The embodiment of the application provides a government decision-oriented government affair big data analysis method and equipment, which are used for solving the technical problem that the existing government affair data cannot be effectively planned and utilized and cannot meet the actual work requirement of the government, so that the waste of data resources is caused.
The technical solutions proposed in the embodiments of the present application are described in detail below with reference to the accompanying drawings.

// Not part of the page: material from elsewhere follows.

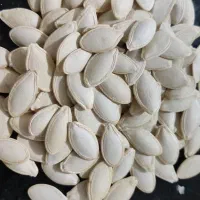 فروش تخمه کدو گوشتی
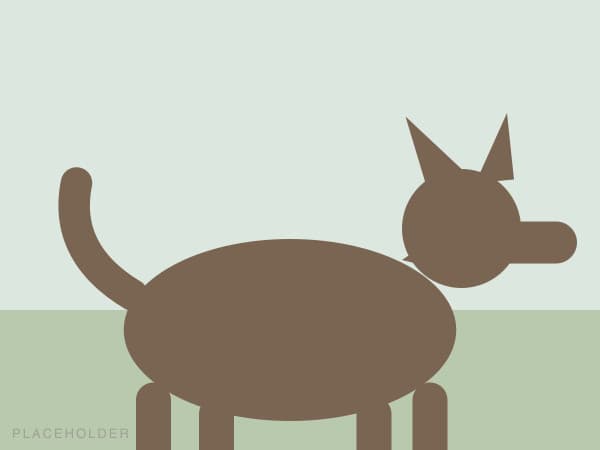 One pet, filling the frame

Fig. 1 is a flowchart of a government affair big data analysis method facing government decisions according to an embodiment of the present application. As shown in fig. 1, a government decision-oriented government affair big data analysis method provided in the embodiment of the present application mainly includes the following steps:
s101, determining a target data source related to government affair data, configuring a crawling rule, and performing data crawling on the target data source.
The search engine searches websites, webpages and platforms related to the government affair data and takes the websites, the webpages and the platforms as target data sources, then, the crawling rules are determined according to actual requirements, and the government affair data in the target data sources are crawled through crawlers. The target data sources related to the government affair data include, but are not limited to, various government portals, government affair information websites and data publicity websites.
In one possible implementation, after determining the target data source, the server may configure the crawling rule through the visual interface, for example, when crawling an article, the crawling rule includes an article title, an article source, an article keyword, a release time, and an article classification. Thus, after the server determines the target data source and configures the crawling rule, a corresponding crawling task is established. And the crawler automatically crawls corresponding government affair data in the target data source according to the crawling task.
It should be noted that the crawler accesses the target data source by simulating login, i.e. simulating login of a human rather than brute force cracking. The specific process is as follows: first, a login operation is performed according to a username, password or certificate provided by a user. If the verification code exists, the server automatically identifies the verification code for logging in without manual input of a user. Then, after logging in, the identity information of the user, such as cookie and session, is saved. After the login is completed, the crawler crawls in a local acquisition (single-machine acquisition) mode, so that government data are acquired. Therefore, the problem of the limitation of the picture bed can be solved by simulating to request to access the article link and storing the pictures in the article to the local.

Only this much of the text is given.